◆ Exercise instructions: Reproduce every line below exactly as written; do not include the images.

◆ Data block:
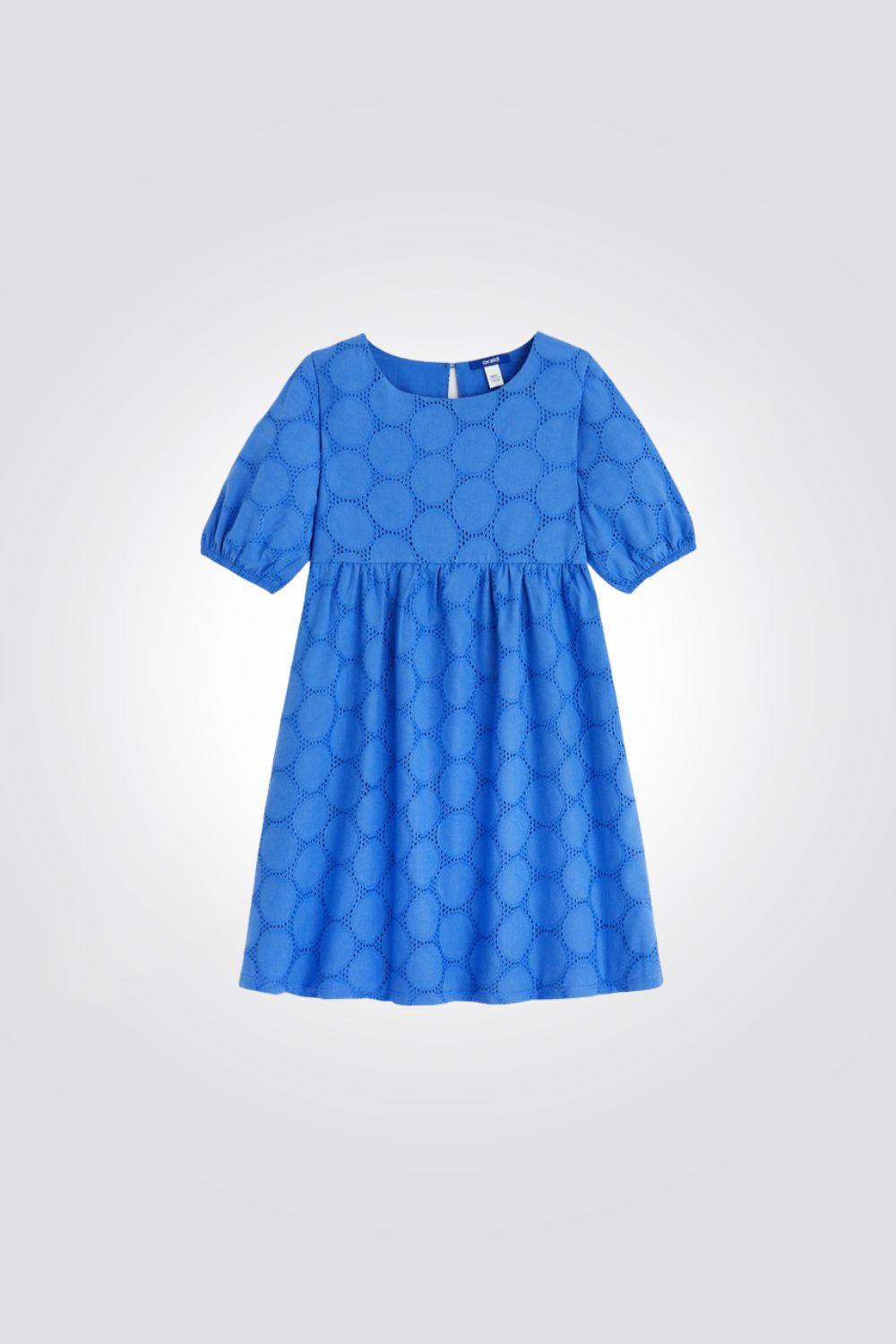 OKAIDI - שמלה בצבע כחול לילדות - MASHBIR//365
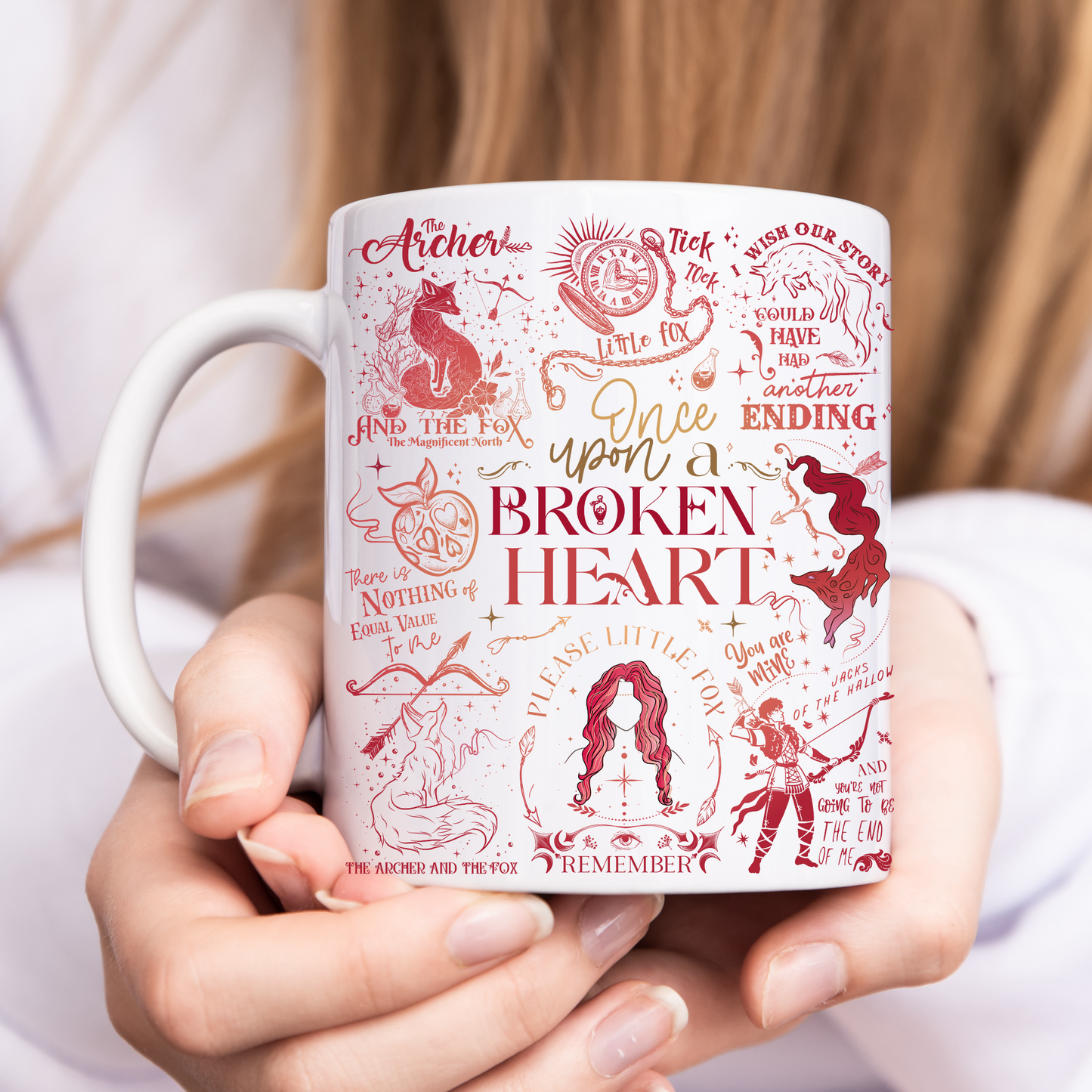 Broken heart mug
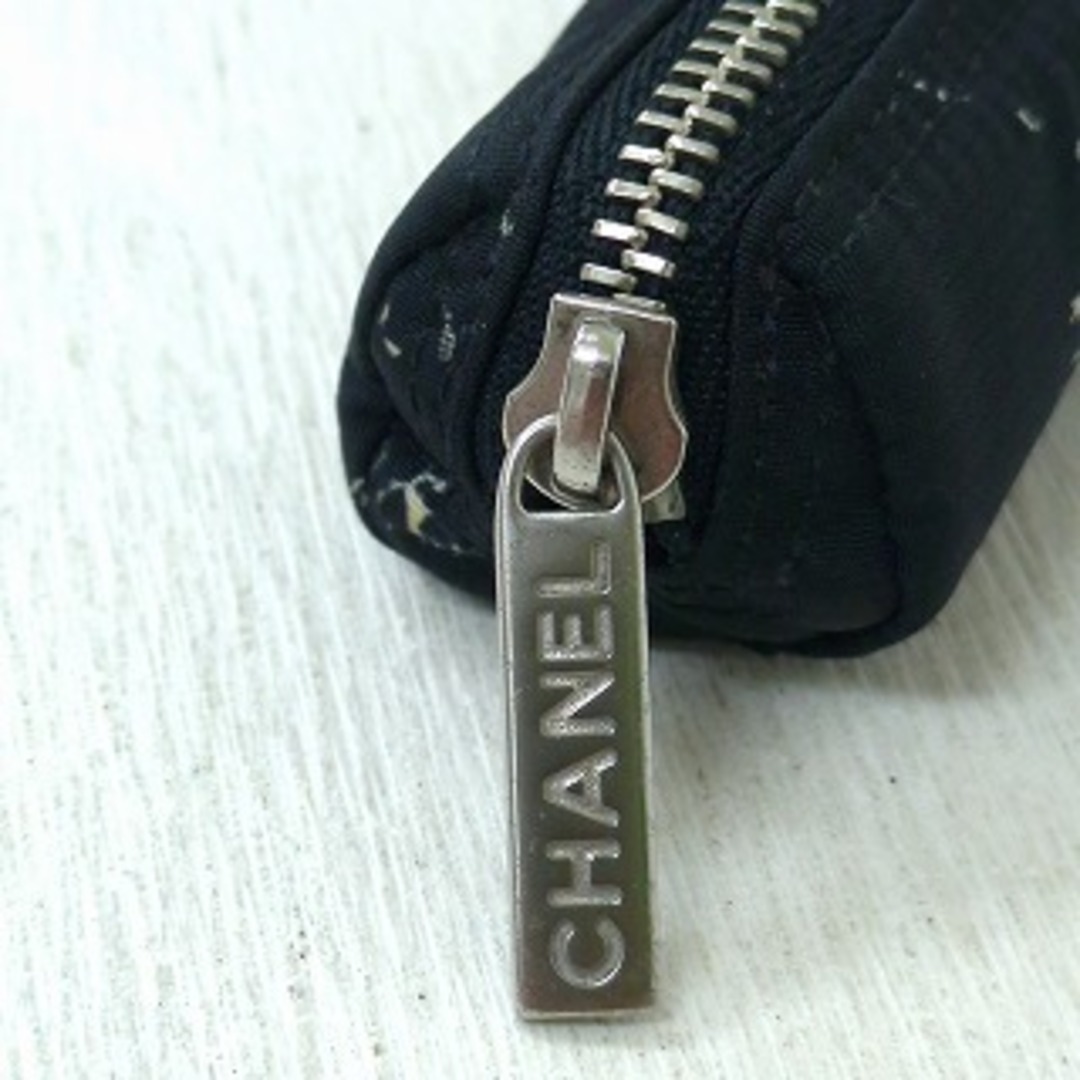 CHANEL シャネル 旧トラベルライン ペンケース ブラック ベ CHANEL シャネル 旧トラベルライン ペンケース ブラック ベ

◆ Your solution:
 OKAIDI - שמלה בצבע כחול לילדות - MASHBIR//365
 Broken heart mug
 CHANEL シャネル 旧トラベルライン ペンケース ブラック ベ CHANEL シャネル 旧トラベルライン ペンケース ブラック ベ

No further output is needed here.